> Required work
Retype all of the entries that appear below, keeping them exactly as they are.

> Data records
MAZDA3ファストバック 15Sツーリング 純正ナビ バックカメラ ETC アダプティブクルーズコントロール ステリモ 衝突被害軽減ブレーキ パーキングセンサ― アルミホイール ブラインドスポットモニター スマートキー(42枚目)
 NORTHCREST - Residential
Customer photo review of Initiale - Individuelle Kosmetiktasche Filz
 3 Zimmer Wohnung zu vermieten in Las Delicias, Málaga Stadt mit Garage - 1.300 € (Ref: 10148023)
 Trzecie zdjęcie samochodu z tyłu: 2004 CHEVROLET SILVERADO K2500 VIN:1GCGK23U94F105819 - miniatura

> Solution for this exercise
MAZDA3ファストバック 15Sツーリング 純正ナビ バックカメラ ETC アダプティブクルーズコントロール ステリモ 衝突被害軽減ブレーキ パーキングセンサ― アルミホイール ブラインドスポットモニター スマートキー(42枚目)
 NORTHCREST - Residential
Customer photo review of Initiale - Individuelle Kosmetiktasche Filz
 3 Zimmer Wohnung zu vermieten in Las Delicias, Málaga Stadt mit Garage - 1.300 € (Ref: 10148023)
 Trzecie zdjęcie samochodu z tyłu: 2004 CHEVROLET SILVERADO K2500 VIN:1GCGK23U94F105819 - miniatura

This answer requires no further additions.